From the line containing "Barebarics Zing - High" to the last line of the data, both included, transcribe each line exactly, leaving out pictures and adding nothing.
::::
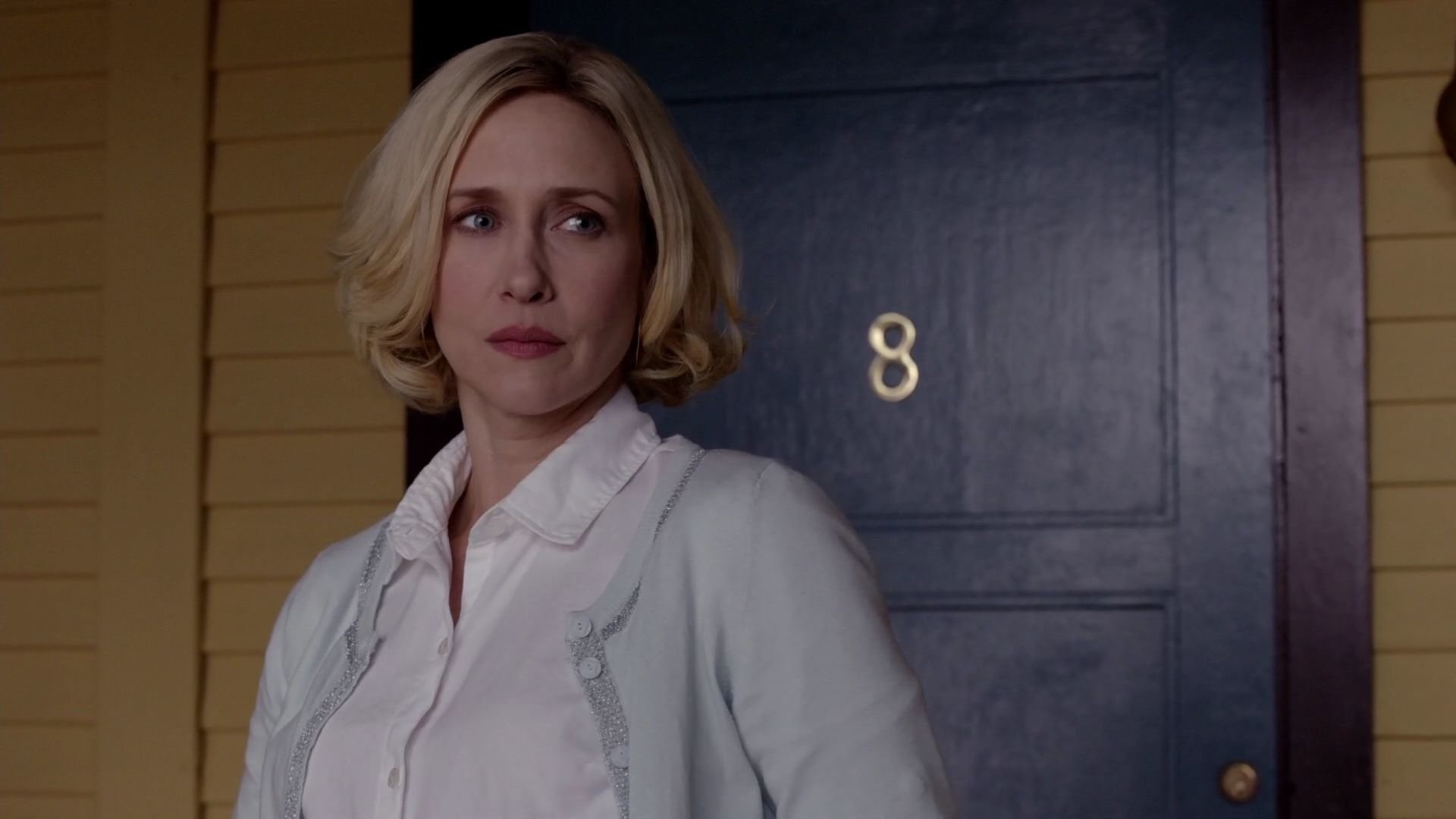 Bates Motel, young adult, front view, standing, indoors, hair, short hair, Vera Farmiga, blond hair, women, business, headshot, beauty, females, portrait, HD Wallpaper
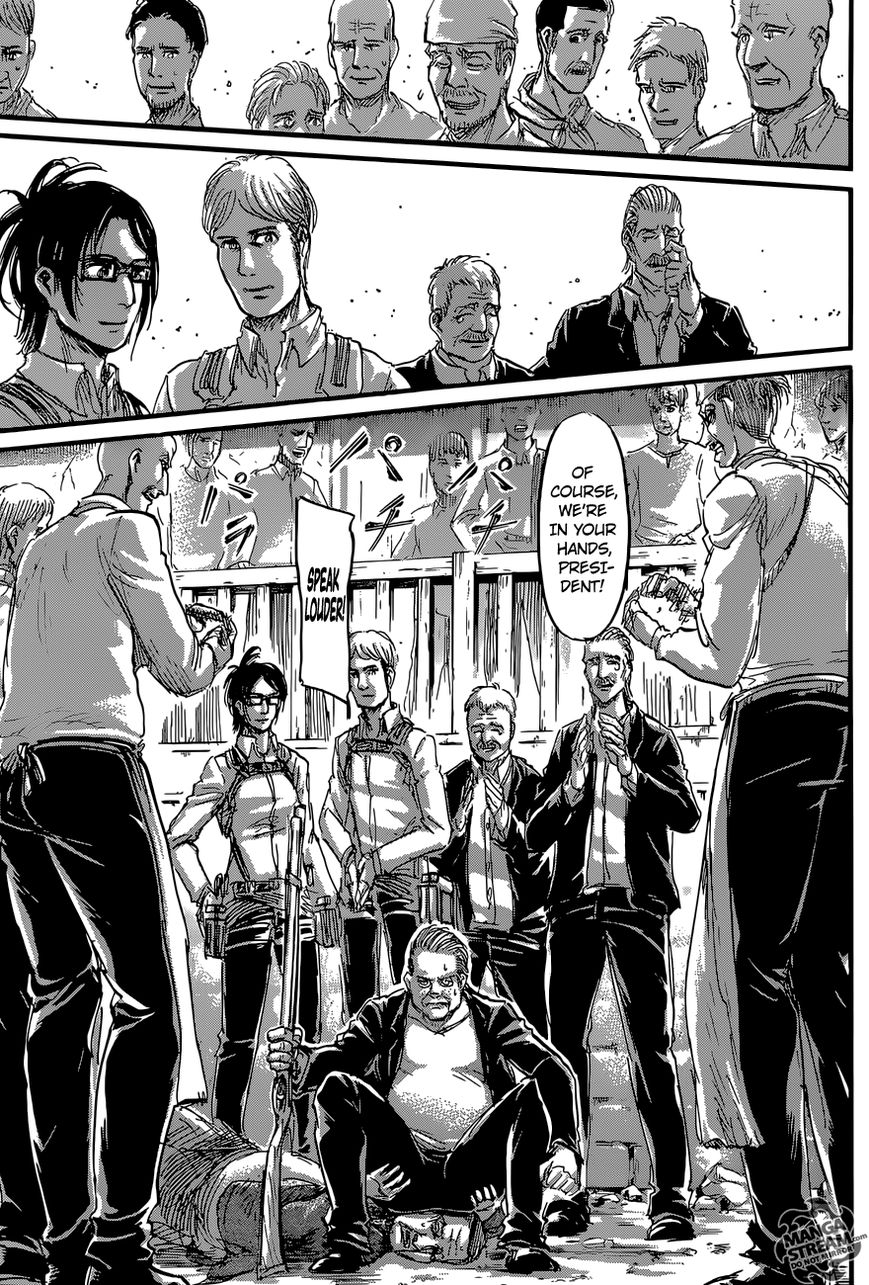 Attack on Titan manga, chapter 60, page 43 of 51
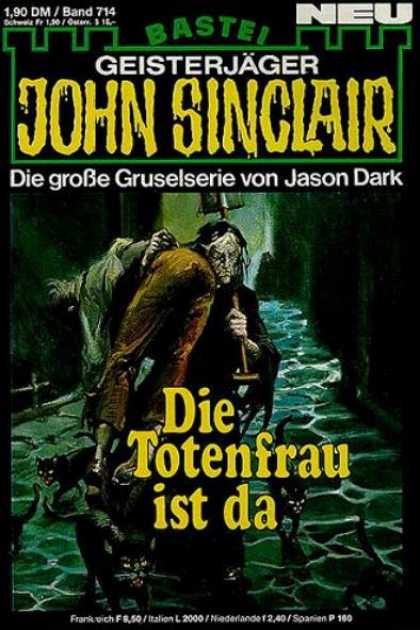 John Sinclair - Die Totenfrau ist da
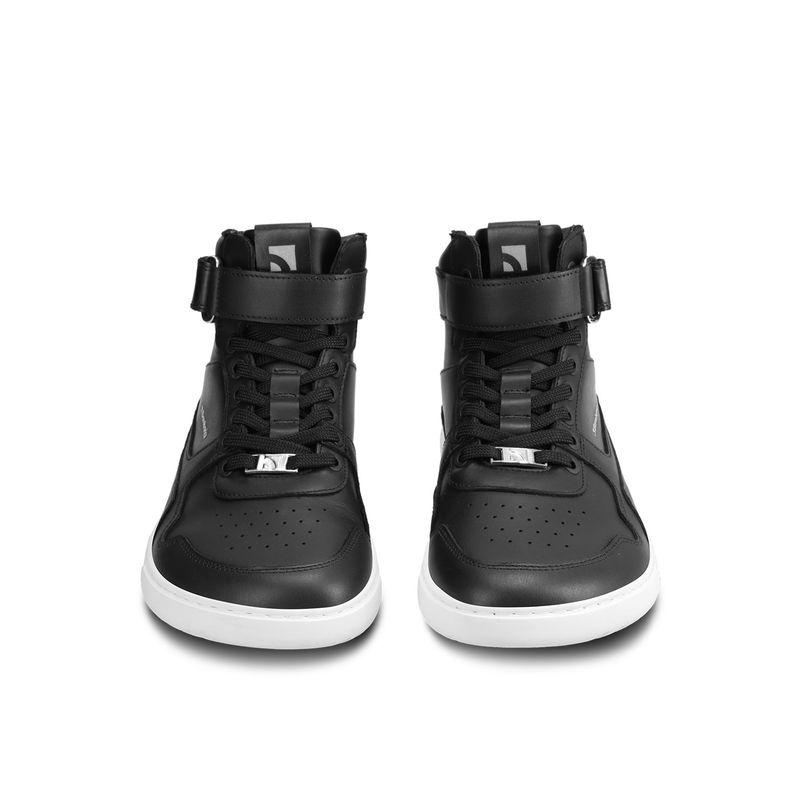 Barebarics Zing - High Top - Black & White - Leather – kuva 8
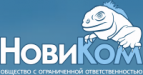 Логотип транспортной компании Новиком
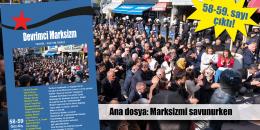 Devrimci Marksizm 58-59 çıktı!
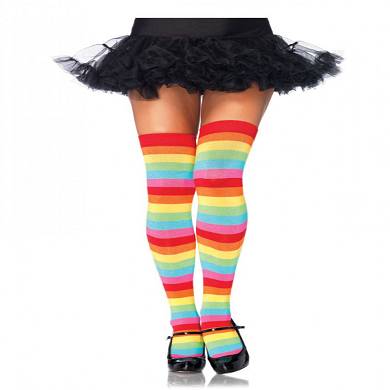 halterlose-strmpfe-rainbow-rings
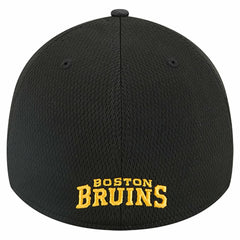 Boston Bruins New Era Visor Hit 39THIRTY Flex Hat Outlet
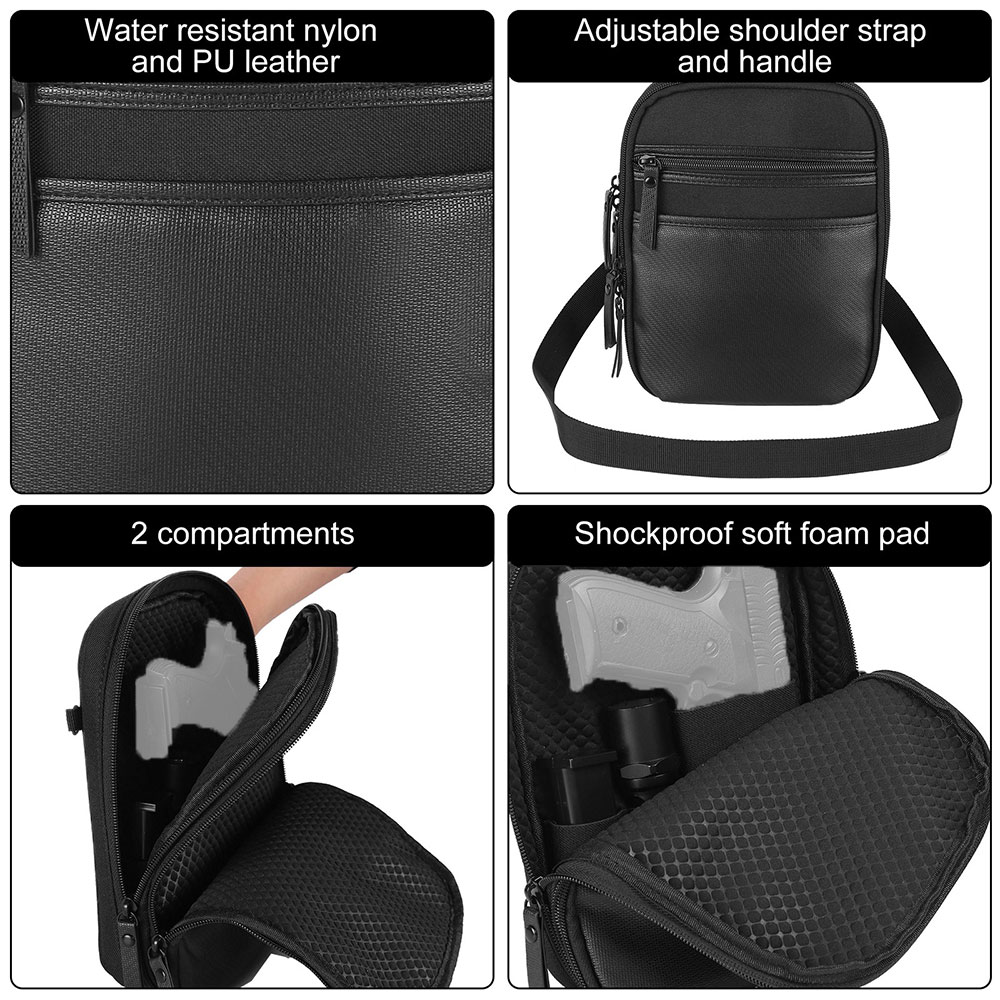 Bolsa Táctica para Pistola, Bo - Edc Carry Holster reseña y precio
::::
Task response ->
 Barebarics Zing - High Top - Black & White - Leather – kuva 8
 Логотип транспортной компании Новиком
 Devrimci Marksizm 58-59 çıktı!
 halterlose-strmpfe-rainbow-rings
 Boston Bruins New Era Visor Hit 39THIRTY Flex Hat Outlet
 Bolsa Táctica para Pistola, Bo - Edc Carry Holster reseña y precio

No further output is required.